Writing a Romance Novel – What’s my Motivation?

Writing a Romance Novel – What’s my Motivation?

The eternal question – how can I motivate myself to do… well, anything!

Life never seems to get too much easier, does it? Work, cleaning, shopping, cooking, kids if you have them, and somehow you have to fit in exercise, seeing friends and being sociable as well, not to mention the occasional holiday and some snatched hours of sleep every night. When on earth does that leave you time, or more than a shred of motivation to write a romance novel??

Don’t worry, if I can find the motivation, you can too- it’s not always easy, but it is kind of simple. 

Firstly, question why you DON’T want to sit down to write.

Sounds counter intuitive, but it is a great place to start! Here’s my usual list: I’m too tired, I don’t feel like it, I’ve got ‘proper’ work to do if I’m going to do anything. I don’t know what to write! What I write is all terrible anyway. Who on earth wants to read this crap? I’m hungry. I need to go to bed. I’ll do double tomorrow.

Sound familiar? I can, and sometimes do, recite this list in response to everything I once decided was important enough to put on my calendar or list of goals! But what this list all boils down to is excuses. Harsh, I know, but by saying these things, I’m talking myself out of improving my life by negatively focussing on my ability and my current state of mind. Let’s face it, criticising your own work isn’t going to improve anything. Besides, there are a bunch of keyboard warriors out there happy to save you a job and do it for you. And not even writing because ‘I know it’s going to be terrible’, means I read someone else’s book in bed for an hour before I fall asleep seething at myself for not writing a word. So, now we know where we are, a tired and scared person afraid of putting their work out there!  

Second, question why you chose to write a romance novel in the first place. 

This is great because it brings you out of your mood and into your desire. You chose to write a romance novel perhaps because the idea and characters burned to be put onto paper, perhaps because you want a side income or to be able to leave your job when the books start paying big, or perhaps because writing is your only creative outlet and it keeps you on an even keel. Whatever the reason, you made the choice to write for A reason. It really helps to have this reason written down somewhere you can see it a lot- on the fridge door perhaps, or as your phone or laptop screensaver. Once you remember your ‘why’ for writing, it normally provides that little flicker of motivation that is enough to drag yourself to the keyboard.

Thirdly, make yourself a daily target, and stick to it. 

In one of my writers’ groups, we have a 50 words a day target, and we encourage each other to write at least this ON OUR ROMANCE NOVELS. Writing a huge email to your mum doesn’t count, I’m afraid. It has to count toward your final goal- of publishing a romance novel! 50 words is such a perfect target, really, because it’s about 2 shortish sentences, which should take about 2 minutes to think up and then type. Everyone has 2 minutes to themselves in a day- even if you have to take your phone into the bathroom with you to tap out your sentences there! What I usually find is that 50 words soon become hundreds and hundreds, but if it doesn’t, then no sweat because I showed up for my target. Showing up for your own targets is motivation generating in and of itself, because who doesn’t love to impress themselves??  

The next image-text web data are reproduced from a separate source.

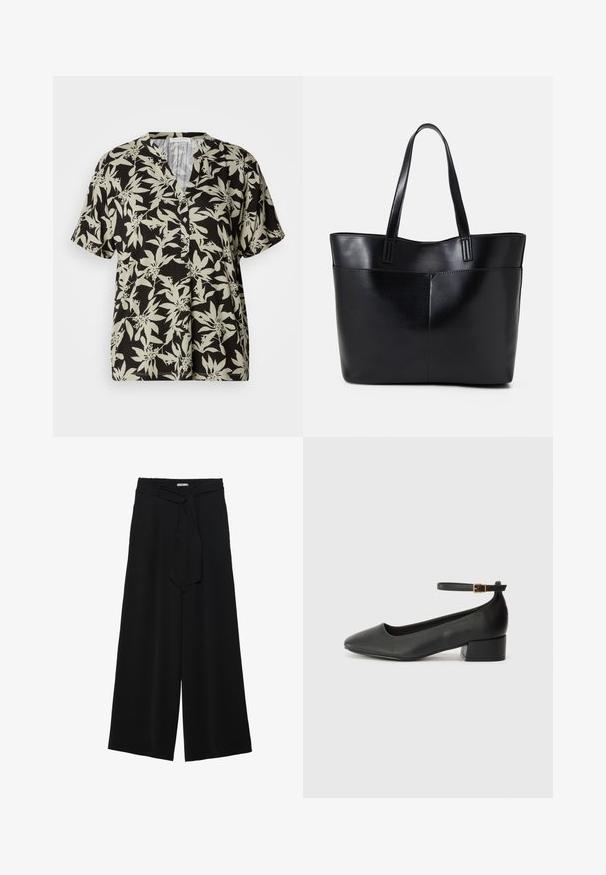 Košulja kratkih rukava crne boje s svijetlozelenim cvjetnim uzorkom, V-izrezom i detaljima na gumbima. Izrađena od mekanog materijala s ležernim krojem.; Crne široke hlače od teksturirane tkanine, s elastičnom pojasom i odvojivim remenom na struku za prilagodivo pristajanje.; Crne kožne pumpe s oštrim vrhom i niskom blok petom. Sadrže remen oko gležnja s zlatnim kopčanjem. Glatka tekstura.; Crna kožna torba s dugim ručkama, glatkom teksturom i strukturiranim oblikom. Ima prednju džep za dodatno pohranu.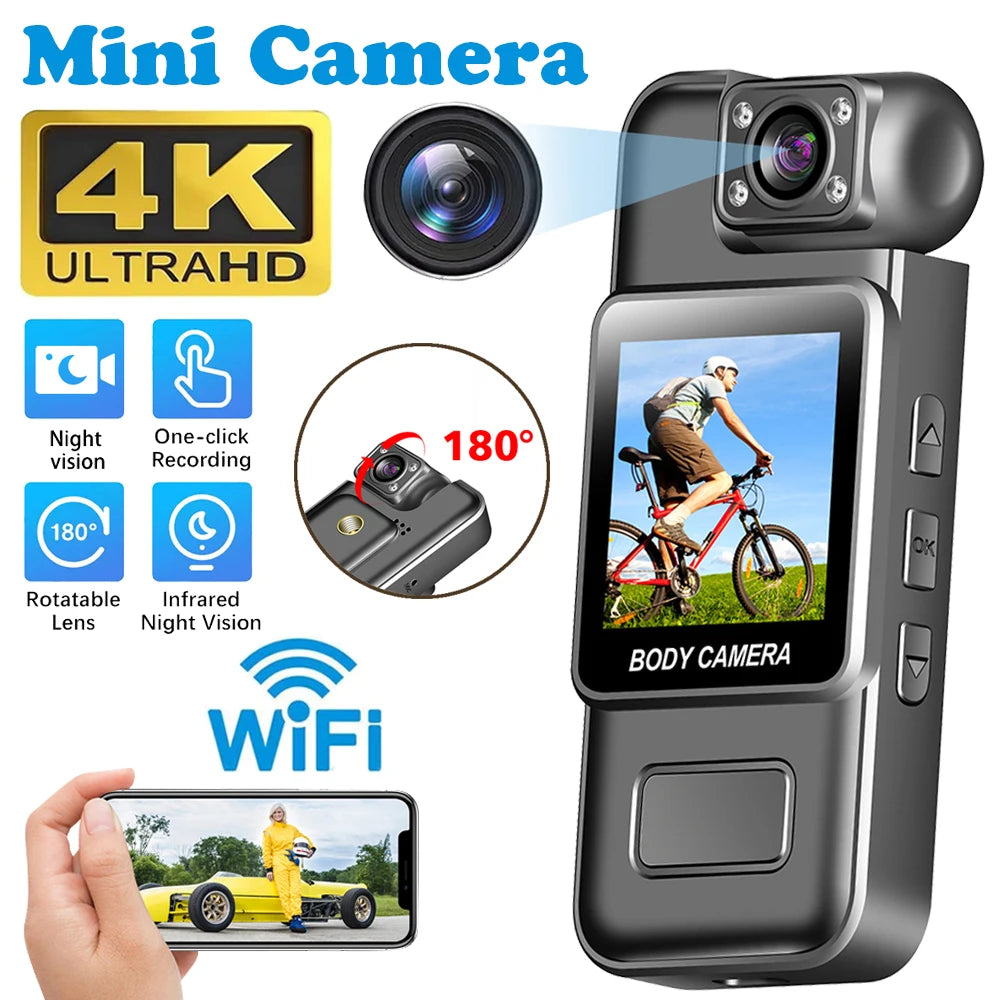 Ultra HD 4K WiFi Mini Camera Portable Digital Video Recorder Police BodyCam Infrared Night Vision Sports DV Riding Camcorder 카메라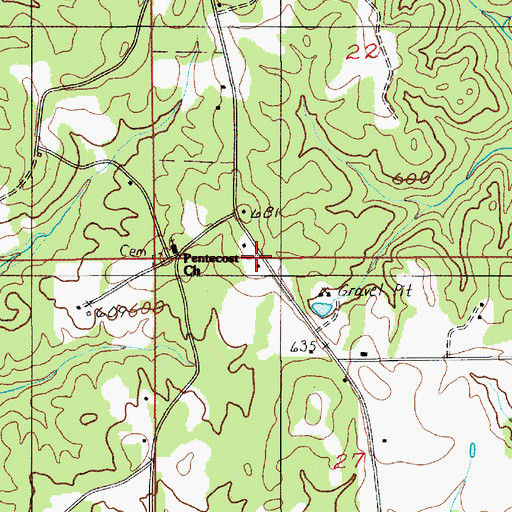 Topographic Map of Pentecost School, AL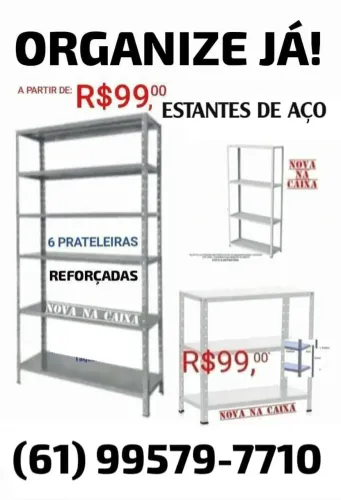 R$99 - Estantes de Aço / Ferro (Novas) a partir de R$99,00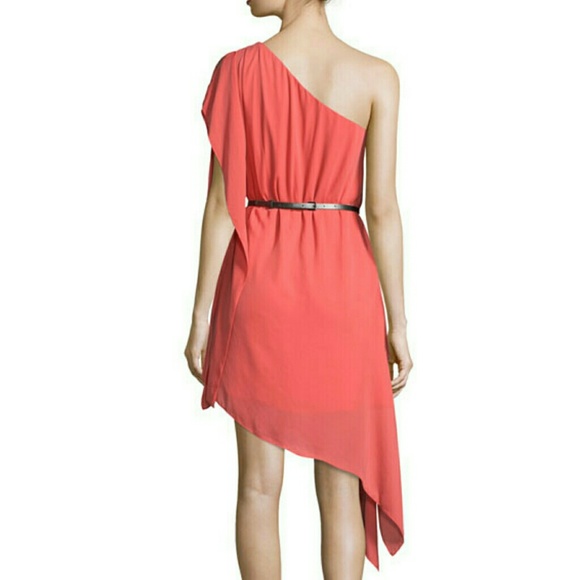 HALSTON HERITAGE coral asymmetrical dress - Picture 5 of 7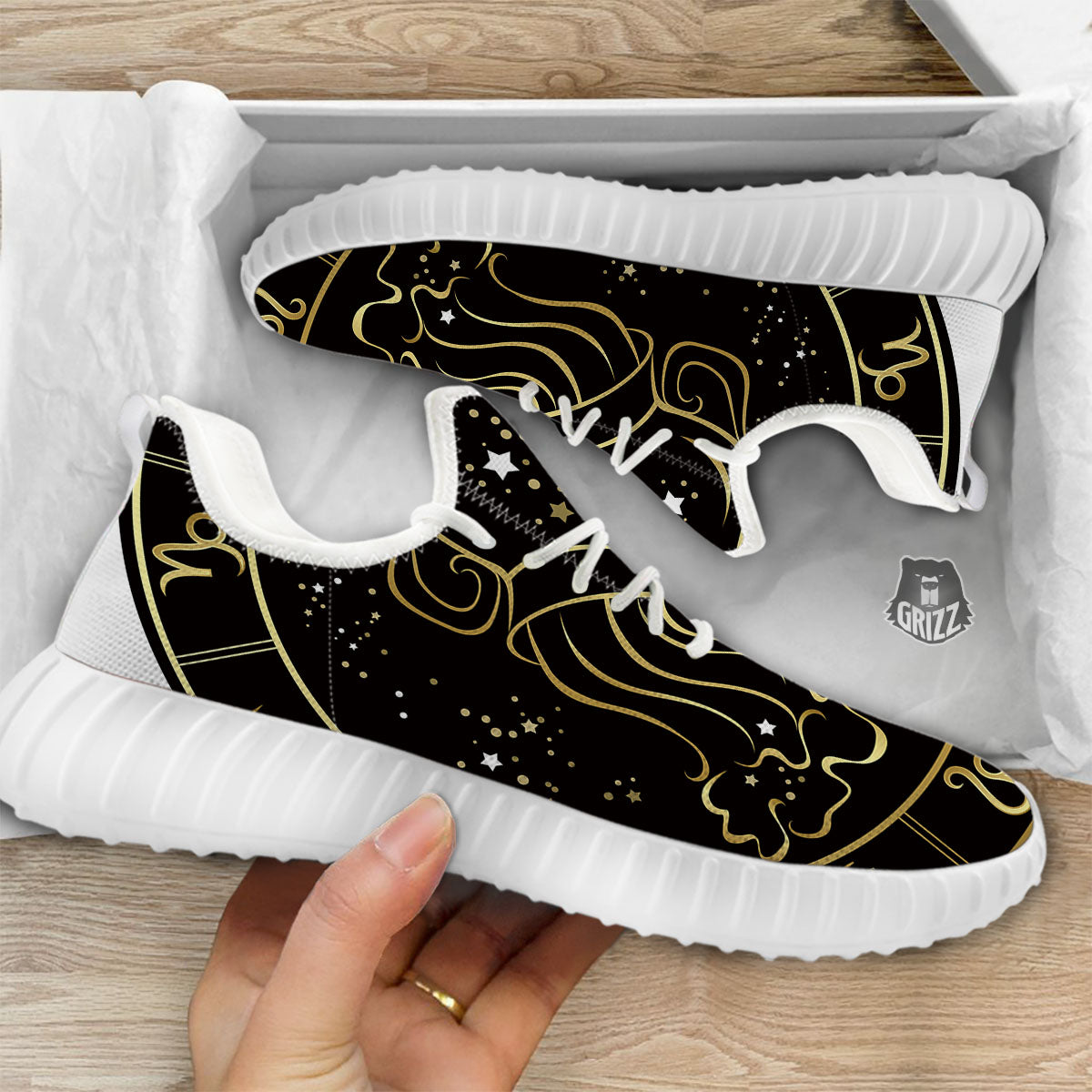 Aquarius Sign Black And Gold Print White Walking Shoes-grizzshop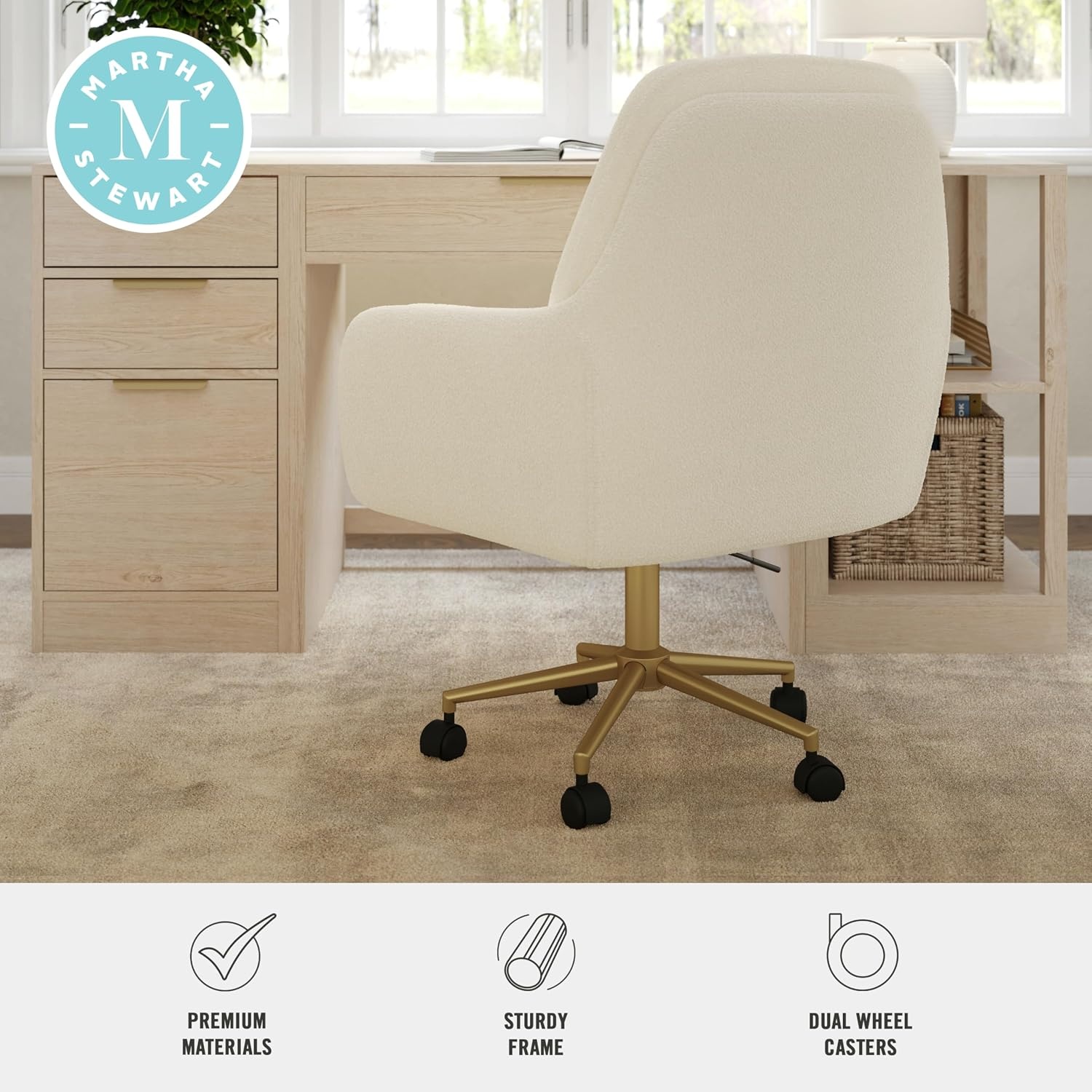 image:imageMartha Stewart Clara Upholstered Office Chair Bedford GrayOff White BouclePolished Brass Frame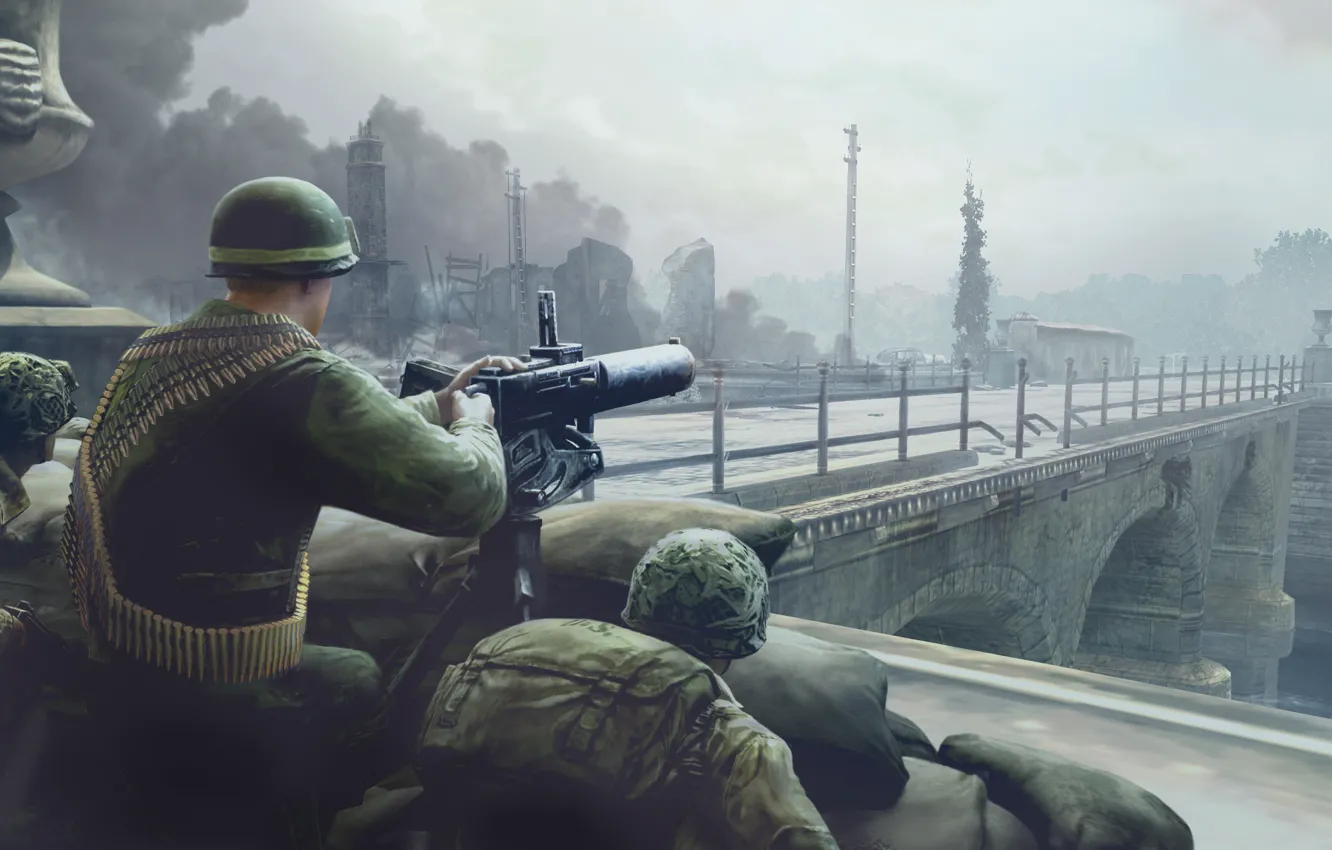 Фото обои мост, город, война, солдаты, пулемет, Company of Heroes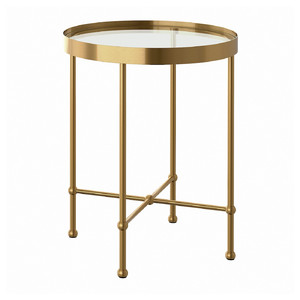 TORSJÖ Side table, gold effect/glass, 45 cm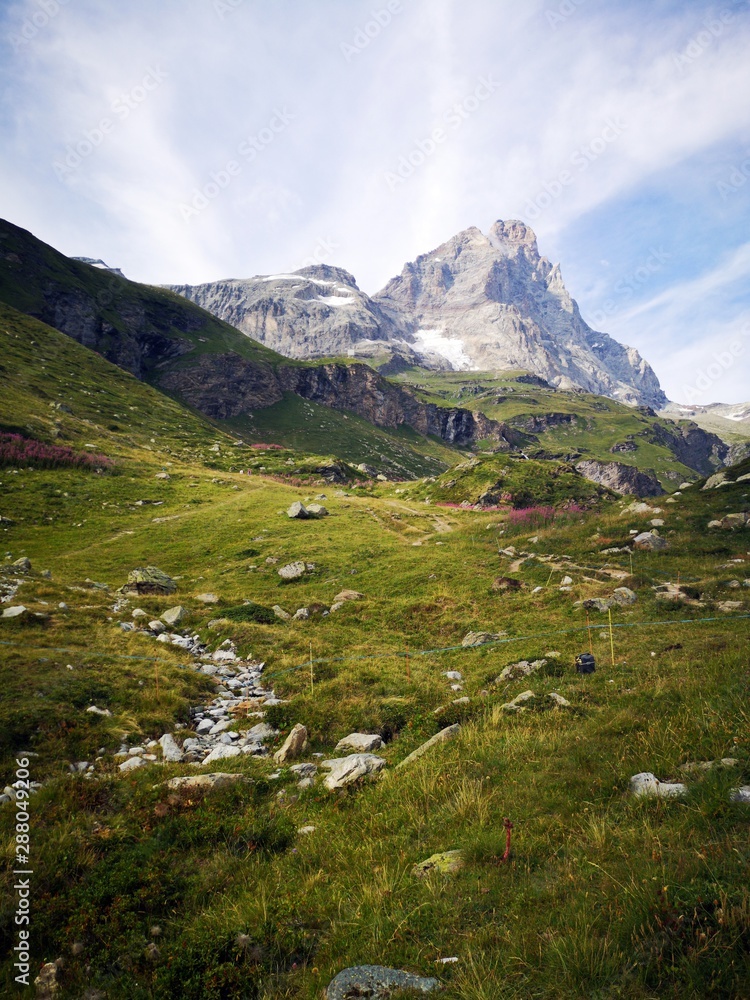 Landscape in the mountains -  Monte Cervino - Matterhorn mountains , Rifugio Duca degli Abruzzi L`Orionde, in Breuil-Cervinia, Italy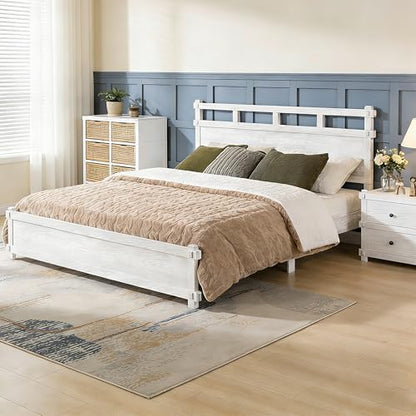 Merax California King Modern Farmhouse Wood Grain Bed Frame (Antique White)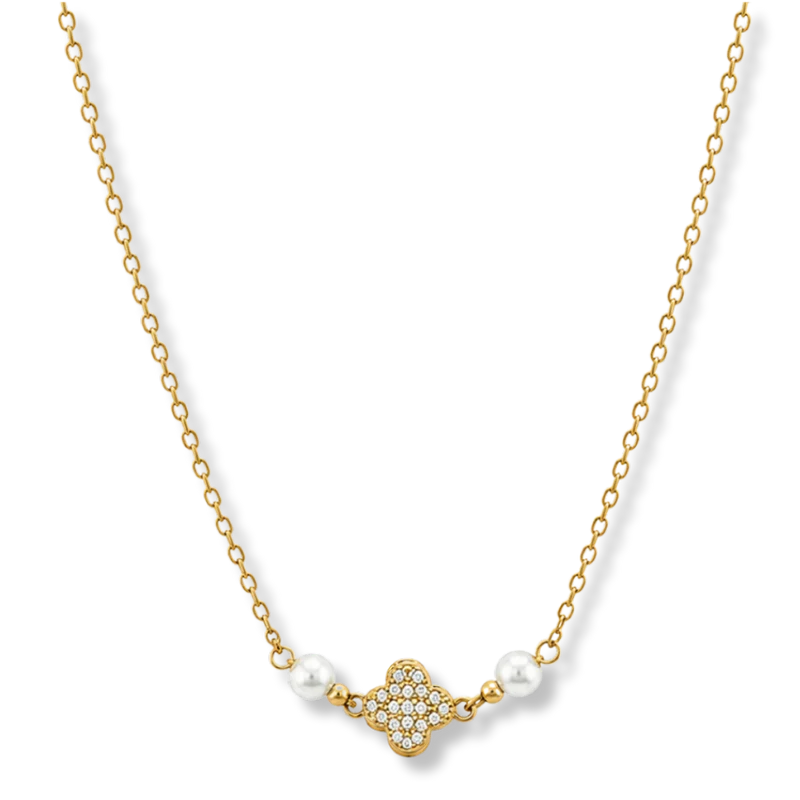 Melsol Lucky Flower Pearl Kette 14K vergoldet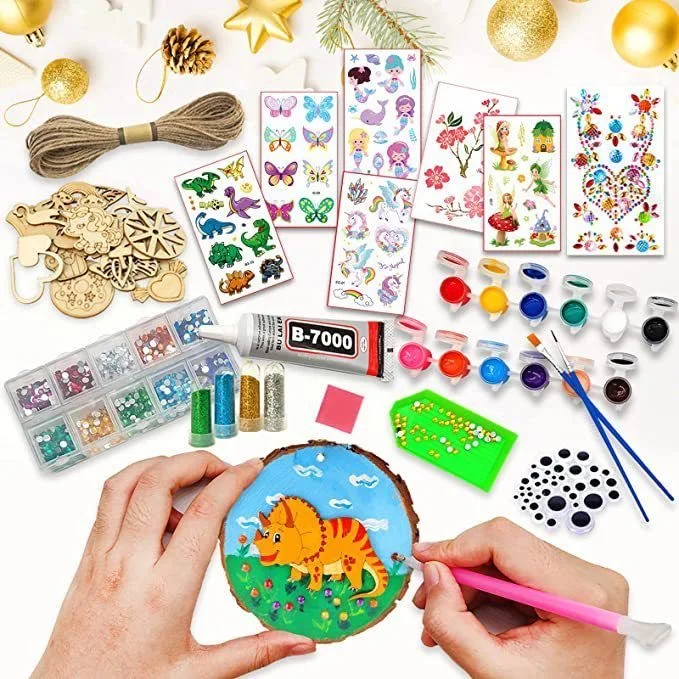 

Kids Creative DIY Wood Slice Painting Kit Handcraft Supplies with Round Stickers Carving & Diamond Art Parent-Child Craft Toy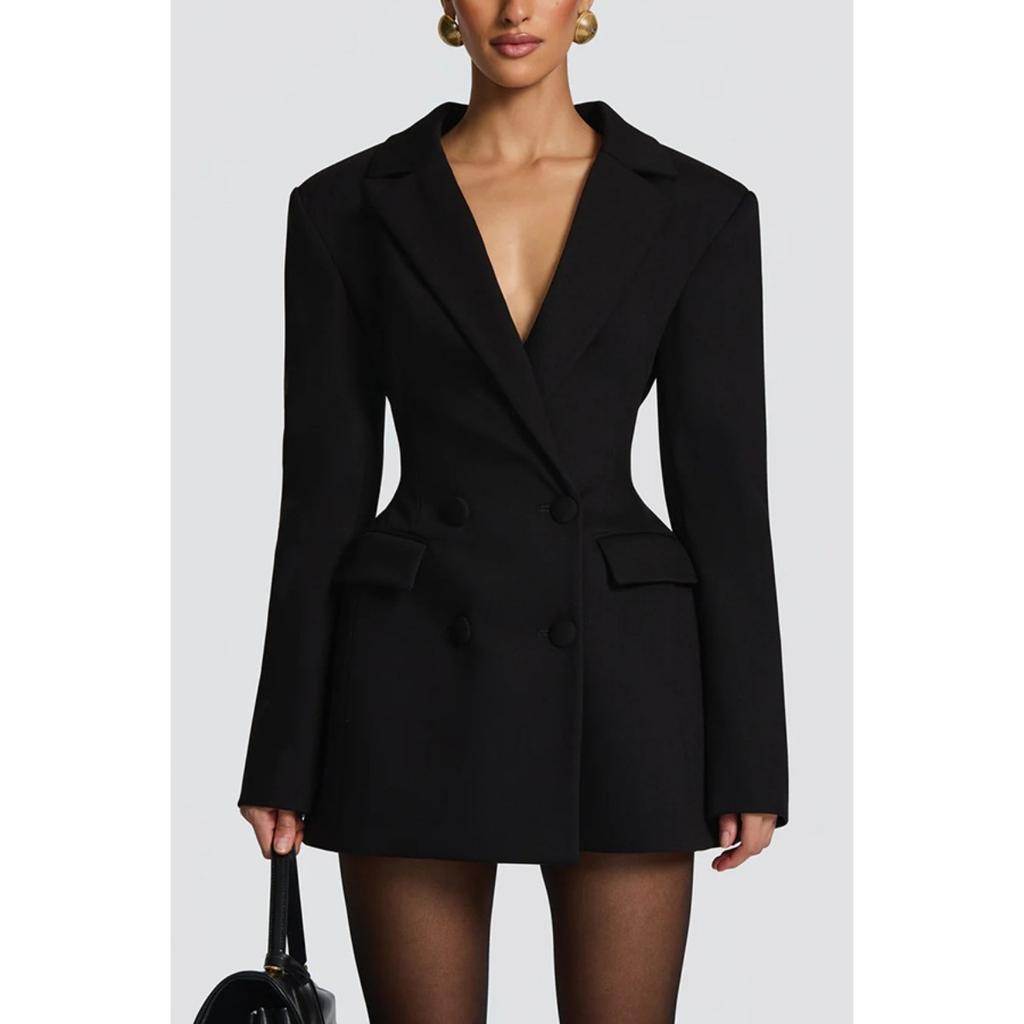 Einfarbiger Langarm Revers Schmal Geschnittener Blazer Strickjacke Mantel Für Europäische Amerikanische Frauen Lässige Elegante Oberbekleidung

Fourth – if you need time off, take it. But plan it.

If you are writing a romance novel as a side project, you will need to take time out sometimes, and that is a-ok. The last thing you need is to burn out! I know I said you have to stick to your targets to keep motivation up, and I stand by that. But, you also need to manage your time and health, mental and physical. This could look like scheduling a week off writing if you have a heavy cold, taking the weekend off to attend a wedding, or leaving your laptop behind for a work conference to focus on the task at hand. Whatever you need to do to stay fresh and motivated, do it, but make sure it is planned in advance. If you have a crappy day, come home in a bad mood and immediately turn on Netflix with a glass of something in your hand, I totally get you, but unless you are sick or something terrible has happened, I would advise you make the effort to bash out just a few words before bedtime. If I do this, I wake up the next day feeling like I let myself down, and I don’t like that! It doesn’t make me want to write the next day, or the day after that, and before you know it, I’ve taken a week off and feel terrible about myself.

So there we have it, four simple but effective ways to keep your motivation to write your romance novel.